- WORK REQUIRED
All of the data should be repeated exactly; pictures are not part of the copy.

- DATASET SECTION
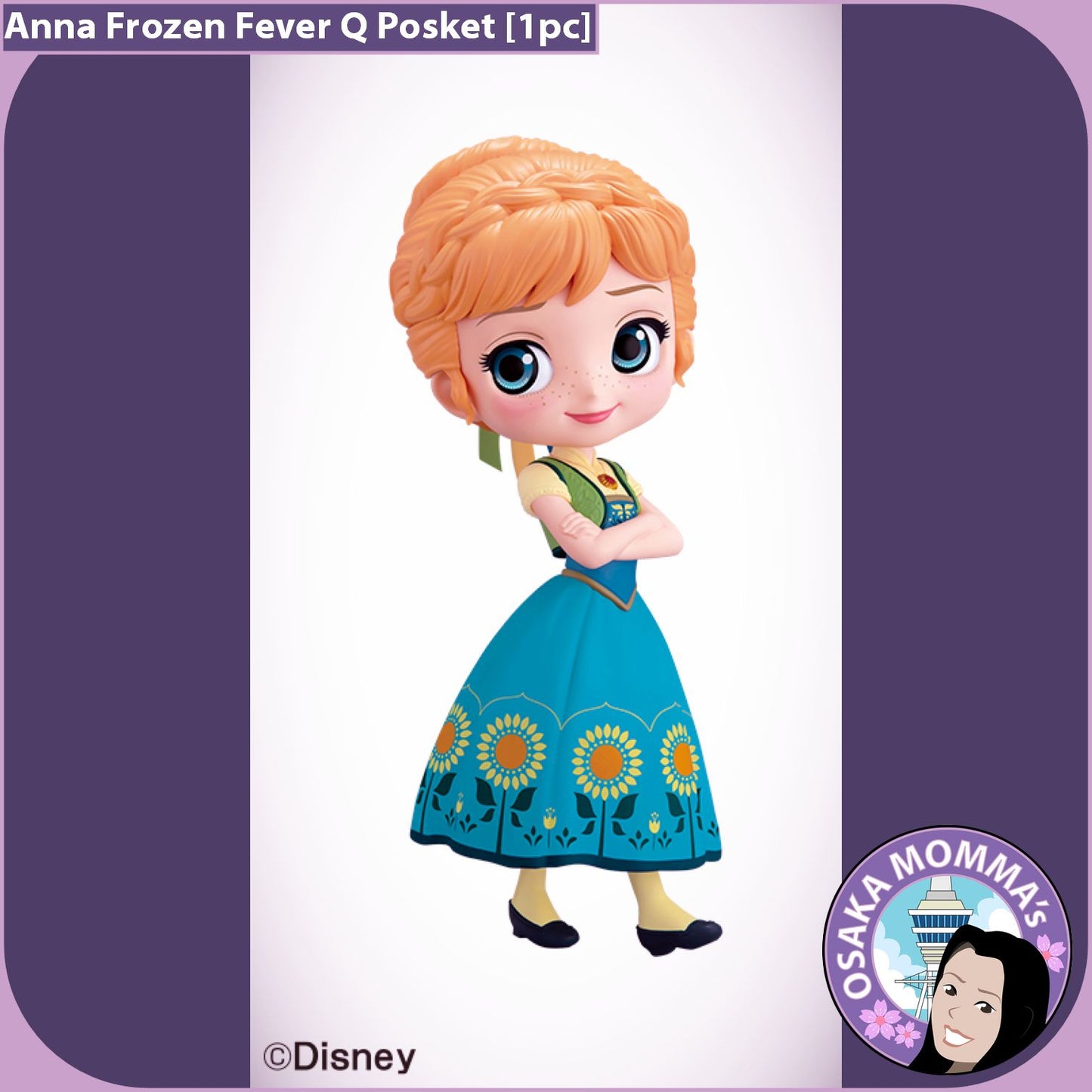 Anna Frozen Fever Qposket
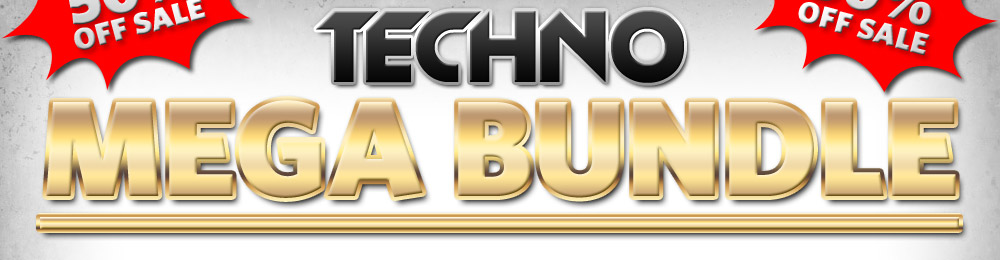 Audiobase Studio techno Mega Bundle!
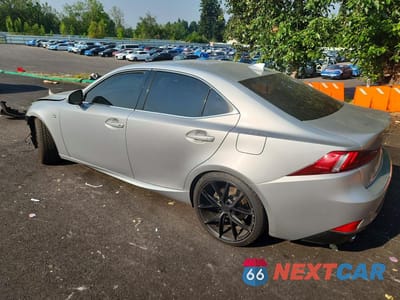Drugie zdjęcie samochodu z przodu: 2014 LEXUS IS 250 VIN:JTHCF1D24E5011069 - miniatura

- WRITTEN SOLUTION
 Anna Frozen Fever Qposket
 Audiobase Studio techno Mega Bundle!
Drugie zdjęcie samochodu z przodu: 2014 LEXUS IS 250 VIN:JTHCF1D24E5011069 - miniatura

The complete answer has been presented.